Similarly, nanoparquet::read_parquet() uses the Arrow metadata in the Parquet file (if present), unless the nanoparquet.use_arrow_metadata option is set to FALSE.

The Arrow metadata is stored in the file level key-value metadata, with key ARROW:schema.

Currently nanoparquet uses the Arrow metadata for two things:

  • It uses it to detect factors. Without the Arrow metadata factors are read as string vectors.

  • It uses it to detect difftime objects. Without the arrow metadata these are read as INT64 columns, containing the time difference in nanoseconds.

See Also

nanoparquet-package for options that modify the type mappings.


Map between R and Parquet data types

Description

Note that this function is now deprecated. Please use read_parquet_schema() for files, and infer_parquet_schema() for data frames.

Usage

parquet_column_types(x, options = parquet_options())

Arguments

x

Path to a Parquet file, or a data frame.

options

Nanoparquet options, see parquet_options().

Details

This function works two ways. It can map the R types of a data frame to Parquet types, to see how write_parquet() would write out the data frame. It can also map the types of a Parquet file to R types, to see how read_parquet() would read the file into R.

Value

Data frame with columns:

  • file_name: file name.

  • name: column name.

  • type: (low level) Parquet data type.

  • r_type: the R type that corresponds to the Parquet type. Might be NA if read_parquet() cannot read this column. See nanoparquet-types for the type mapping rules.

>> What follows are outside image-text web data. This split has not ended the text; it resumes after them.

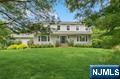 Welcome to this beautifully updated 4-bedroom, 3.5-bath colonial, on a quiet cul-de-sac block and just under an acre of land with a tranquil natural setting. The curb appeal shines with a new roof, Hardie Plank siding, and windowsâ€”delivering both style and assurance. Inside, youâ€™re greeted by a bright, airy layout with neutral tones, hardwood floors, and modern finishes. The open-concept kitchen serves as the heart of the home, with stainless steel appliances, quartz countertops, 42â€ cabinetry, and picturesque views through oversized windows. Flowing seamlessly into the family room, enjoy gatherings around the inviting wood-burning fireplace. A convenient pantry, powder room, laundry room with slop sink and built-in cabinetry complete the main floor.Upstairs, discover four spacious bedrooms, including primary suite with a walk-in closet and private full bath. The finished walk-out basement expands your options with a built-in bar, full bath, and plenty of space for a rec room, home gym, or office. Step outside on the oversized wooden deck, where you can relax and take in the wooded view with its calming streamâ€”a true retreat right at home. Two NYC commute options: train from Ramsey Station or Coach bus from Montvale Park & Ride with free-parking.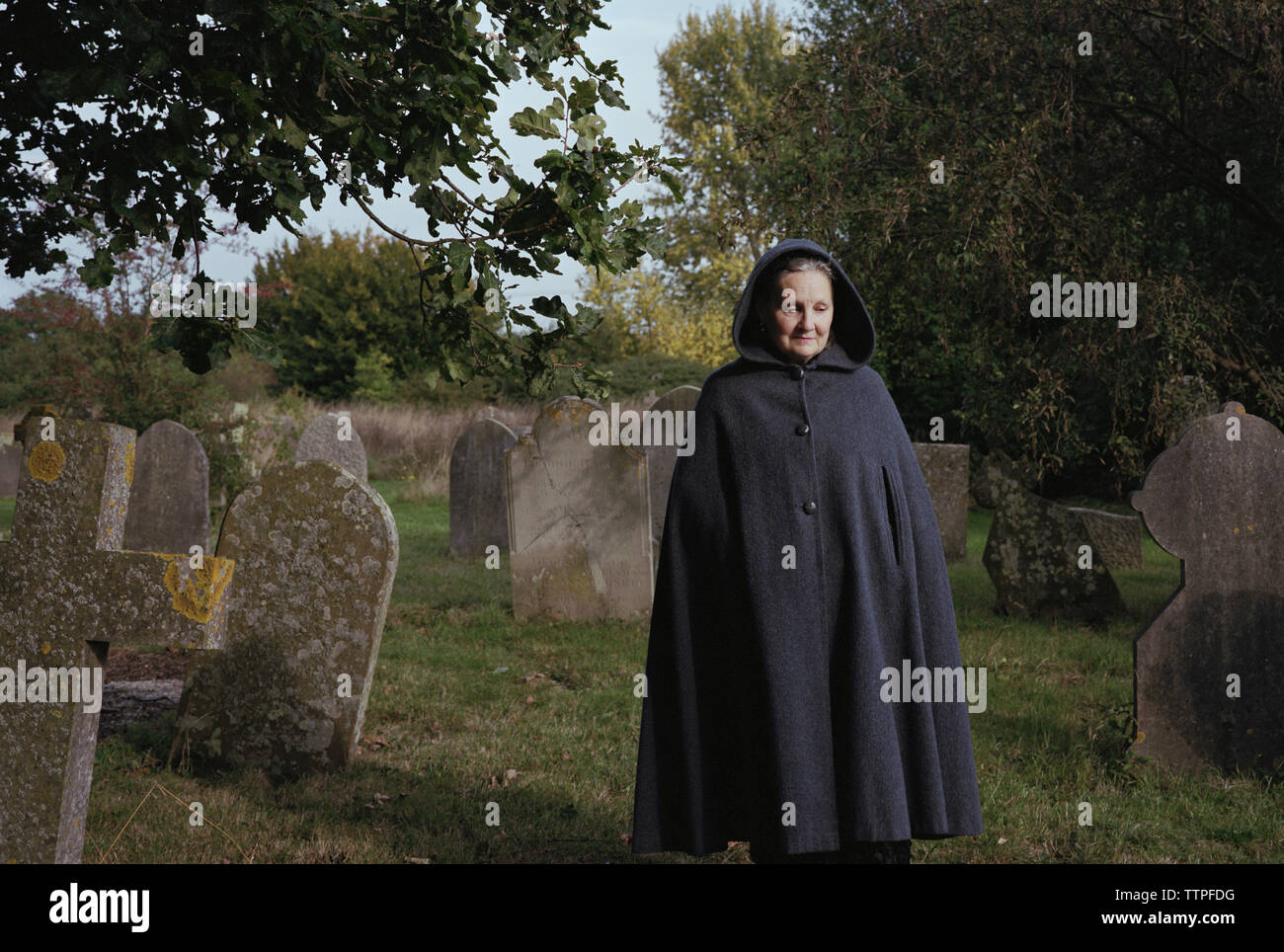 Sad woman wearing coat walking sur terrain en cimetière Banque D'Images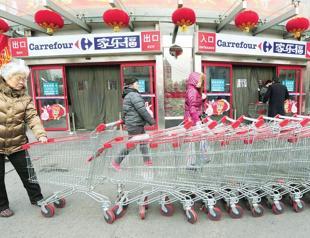 Carrefour agrees to divest its China business to Suning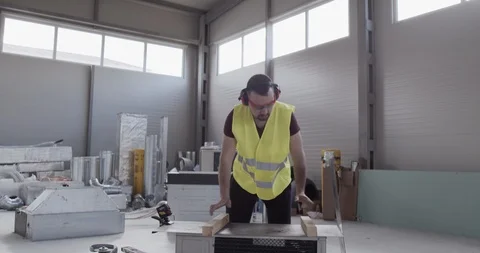 A construction worker works in a warehouse and cuts a sheet metal. Stock Footage 127202574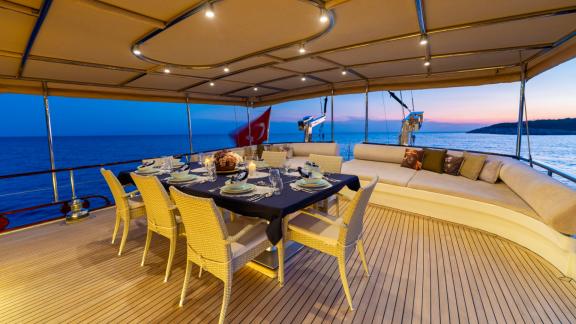 The aft deck of Mein Schatz features a spacious seating area and a stylish dining table, perfect for luxury gulet charte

  • repetition_type: whether the column in REQUIRED (cannot be NA) or OPTIONAL (may be NA). REPEATED columns are not currently supported by nanoparquet.

  • logical_type: Parquet logical type in a list column. An element has at least an entry called type, and potentially additional entries, e.g. bit_width, is_signed, etc.

See Also

read_parquet_metadata() to read more metadata, read_parquet_info() for a very short summary. read_parquet_schema() for the complete Parquet schema. read_parquet(), write_parquet(), nanoparquet-types.


Nanoparquet options

Description

Create a list of nanoparquet options.

Usage

parquet_options(
  class = getOption("nanoparquet.class", "tbl"),
  compression_level = getOption("nanoparquet.compression_level", NA_integer_),
  num_rows_per_row_group = getOption("nanoparquet.num_rows_per_row_group", 10000000L),
  use_arrow_metadata = getOption("nanoparquet.use_arrow_metadata", TRUE),
  write_arrow_metadata = getOption("nanoparquet.write_arrow_metadata", TRUE),
  write_data_page_version = getOption("nanoparquet.write_data_page_version", 1L),
  write_minmax_values = getOption("nanoparquet.write_minmax_values", TRUE)
)

Arguments

class

The extra class or classes to add to data frames created in read_parquet(). By default nanoparquet adds the "tbl" class, so data frames are printed differently if the pillar package is loaded.

compression_level

The compression level in write_parquet(). NA is the default, and it specifies the default compression level of each method. Inf always selects the highest possible compression level. More details:

  • Snappy does not support compression levels currently.

  • GZIP supports levels from 0 (uncompressed), 1 (fastest), to 9 (best). The default is 6.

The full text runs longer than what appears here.